• [Data section]
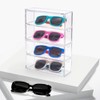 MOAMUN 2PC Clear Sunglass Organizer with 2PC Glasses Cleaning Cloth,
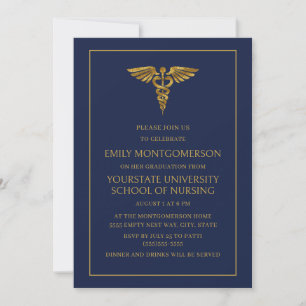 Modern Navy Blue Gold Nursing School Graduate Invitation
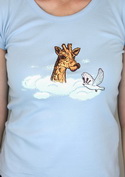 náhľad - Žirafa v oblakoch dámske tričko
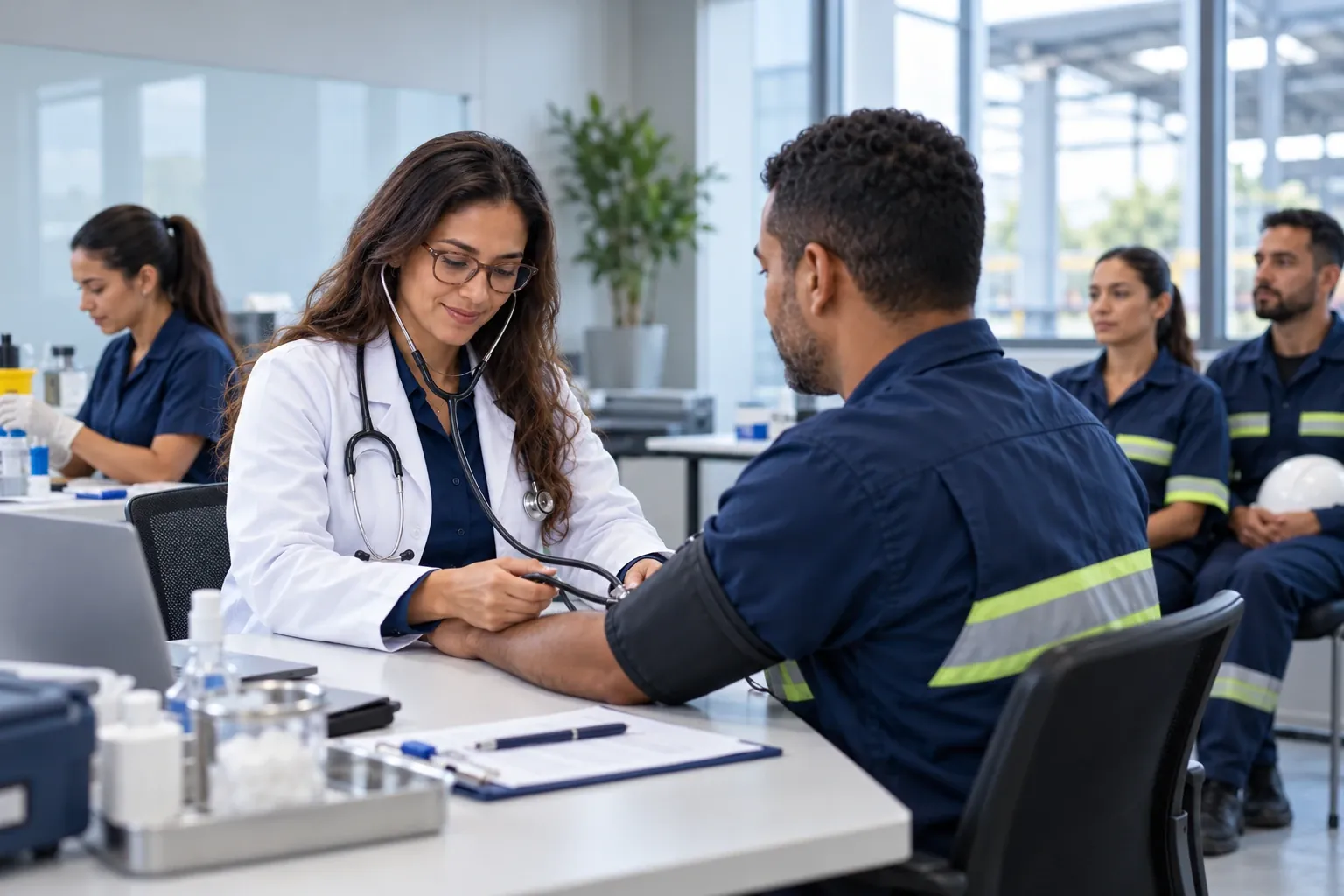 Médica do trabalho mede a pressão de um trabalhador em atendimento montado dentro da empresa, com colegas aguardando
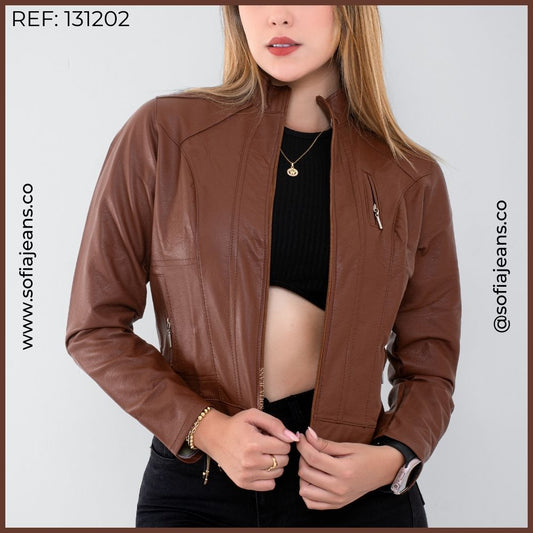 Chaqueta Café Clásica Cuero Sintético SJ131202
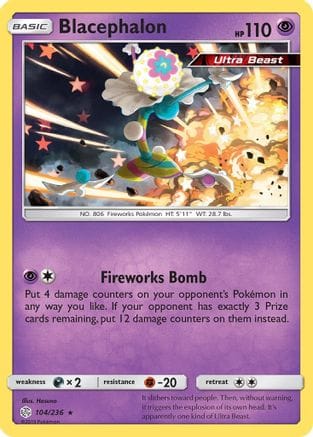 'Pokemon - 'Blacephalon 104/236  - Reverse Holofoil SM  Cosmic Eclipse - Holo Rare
...
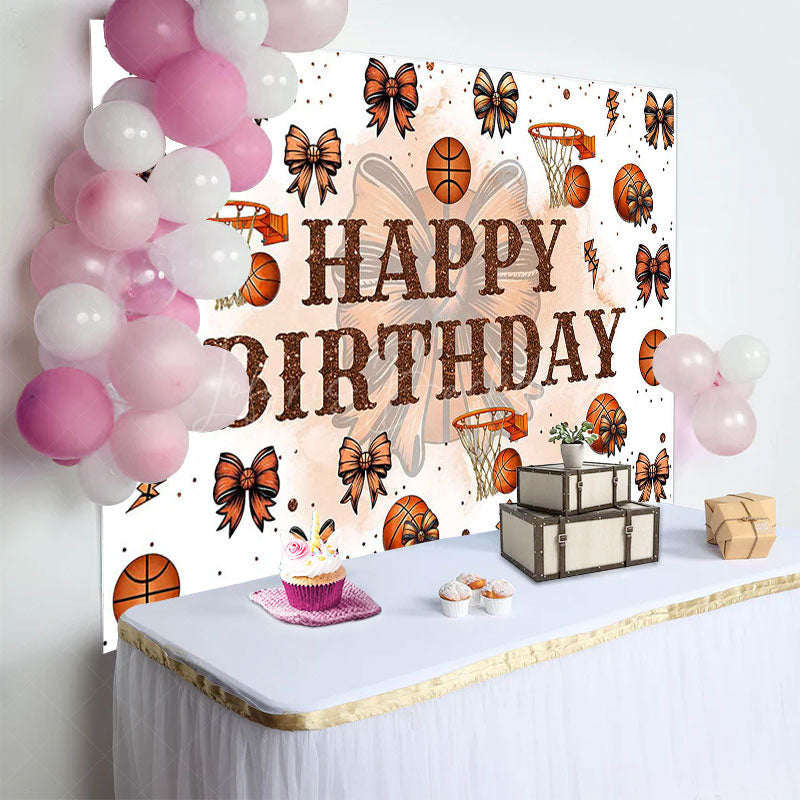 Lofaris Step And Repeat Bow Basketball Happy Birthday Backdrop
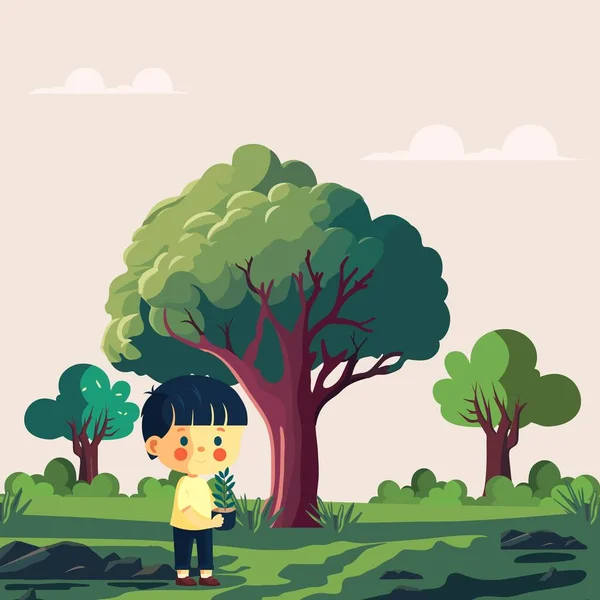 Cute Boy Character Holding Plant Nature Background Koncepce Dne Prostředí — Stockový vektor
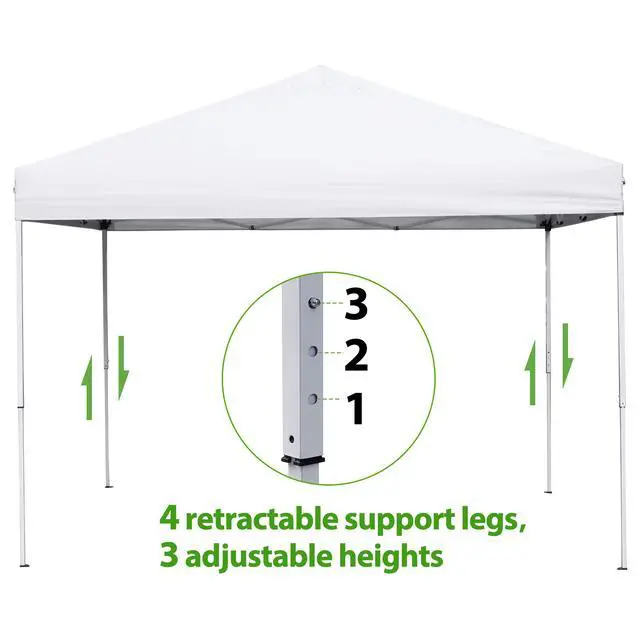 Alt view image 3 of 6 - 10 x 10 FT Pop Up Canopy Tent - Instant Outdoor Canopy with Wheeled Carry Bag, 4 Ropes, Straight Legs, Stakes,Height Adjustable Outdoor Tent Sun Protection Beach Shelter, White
==
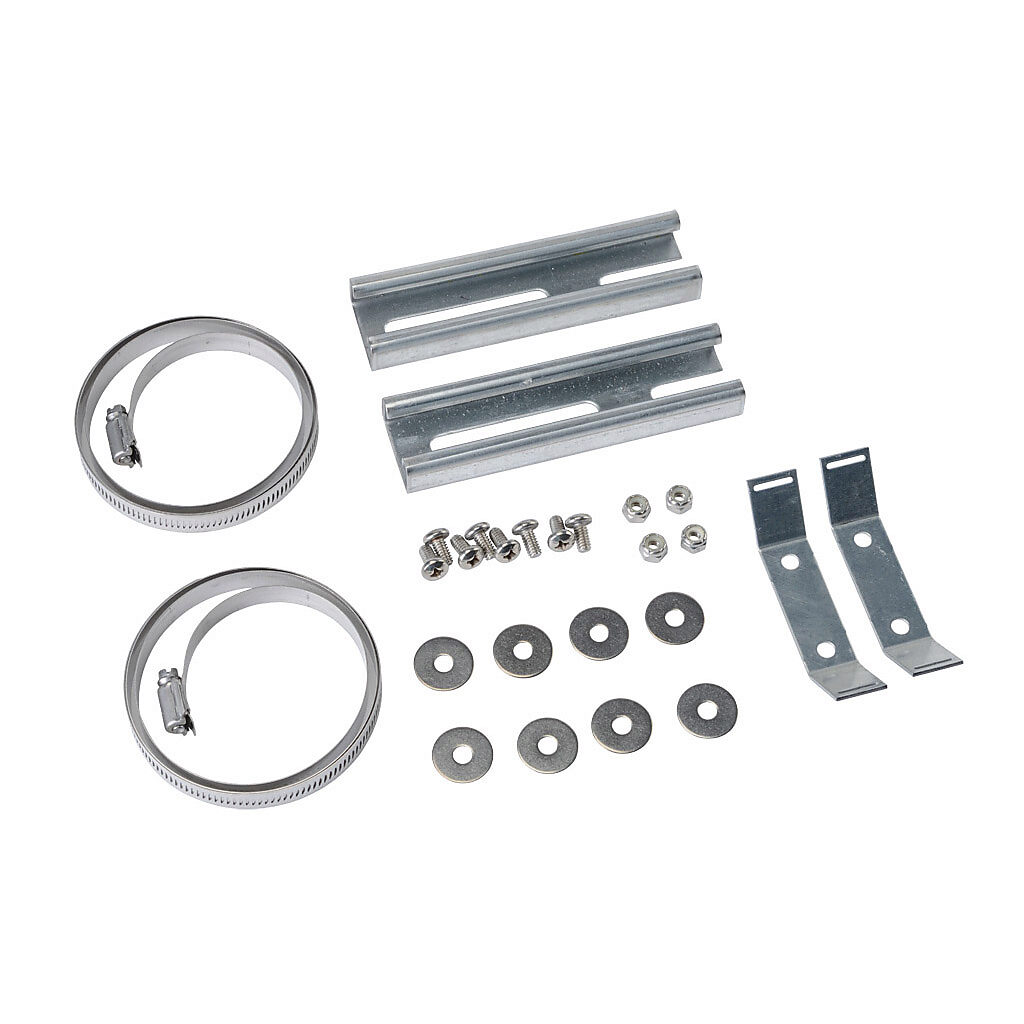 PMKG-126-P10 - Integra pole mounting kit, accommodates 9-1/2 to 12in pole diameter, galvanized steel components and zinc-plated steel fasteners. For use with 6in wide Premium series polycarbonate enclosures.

• [Prompt] Copy the listing above exactly, but only from the line with "Lofaris Step And" through the line with "Cute Boy Character", including those two lines and excluding any picture.

• [Solution below]
 Lofaris Step And Repeat Bow Basketball Happy Birthday Backdrop
 Cute Boy Character Holding Plant Nature Background Koncepce Dne Prostředí — Stockový vektor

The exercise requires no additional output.